La scadenza dell’embargo, secondo quanto previsto dal JCPOA e riportato nella risoluzione 2231 del Consiglio di Sicurezza, è prevista per il 18 ottobre di quest’anno. Già da settimane però gli Usa sono impegnati in un’offensiva diplomatica affinché i membri permanenti del Consiglio appoggino la richiesta di estendere l’embargo. Se Cina e Russia (che hanno votato contro la risoluzione AIEA dello scorso giugno) appaiono fermamente opposte all’estensione dell’embargo, gli europei starebbero lavorando a una soluzione di compromesso che estenda per un periodo limitato l’embargo, e solo su alcuni tipi di armamenti.
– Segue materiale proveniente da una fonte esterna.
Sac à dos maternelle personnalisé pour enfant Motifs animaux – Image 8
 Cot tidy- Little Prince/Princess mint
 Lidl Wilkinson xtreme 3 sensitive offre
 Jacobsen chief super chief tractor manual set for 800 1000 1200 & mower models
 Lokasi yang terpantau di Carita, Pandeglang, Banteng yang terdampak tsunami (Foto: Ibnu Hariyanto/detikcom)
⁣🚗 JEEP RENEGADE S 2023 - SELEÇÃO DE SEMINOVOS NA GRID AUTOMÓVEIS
In conclusione, in questo contesto appare chiaro come il calcolo strategico iraniano, nel decidere la risposta alle azioni di sabotaggio, sia fortemente guidato dalla necessità di non fornire a Europa, Russia e Cina alcun pretesto per appoggiare misure punitive in sede di Consiglio di Sicurezza, siano esse il risultato di un deferimento della questione nucleare da parte dell’AIEA o la richiesta di Washington di estendere l’embargo sulla vendita e l’acquisto di armamenti. Una risposta sotto forma di attacchi militari asimmetrici contro alleati Usa nella regione del Golfo, come l’attacco agli impianti Aramco dello scorso settembre, potrebbe portare all’escalation, così come attacchi contro obiettivi israeliani.
Se si osserva il trend di mancata risposta iraniana ai diversi attacchi compiuti da Israele in questi anni contro obiettivi iraniani in territorio siriano, appare chiaro come la leadership iraniana sia restia a cercare l’escalation con Tel Aviv, limitandosi piuttosto a attacchi nel dominio cyber – dunque di difficile attribuzione – come quelli compiuti negli scorsi mesi (e, non a caso, negli scorsi giorni) contro il sistema idrico israeliano. Con il possibile cambio della guardia alla Casa Bianca a seguito delle elezioni del prossimo novembre, “pazienza strategica” sembra essere la parola d’ordine, allo scopo di ottenere da una eventuale amministrazione Biden l’allentamento del pesante regime sanzionatorio imposto da Trump. Perlomeno a patto che i responsabili delle operazioni di sabotaggio di queste settimane non decidano di alzare ulteriormente la posta in gioco e colpire in maniera significativa ulteriori obiettivi cruciali come Natanz. A quel punto per la Repubblica Islamica aumenterebbero gli incentivi a fornire una risposta calibrata, che potrebbe essere preludio a un’escalation. Quello in corso, dunque, è l’ennesimo gioco pericoloso, che da mesi mantiene la regione in un equilibrio instabile: un semplice errore di calcolo potrebbe portare alla deflagrazione di un conflitto dalle conseguenze rovinose.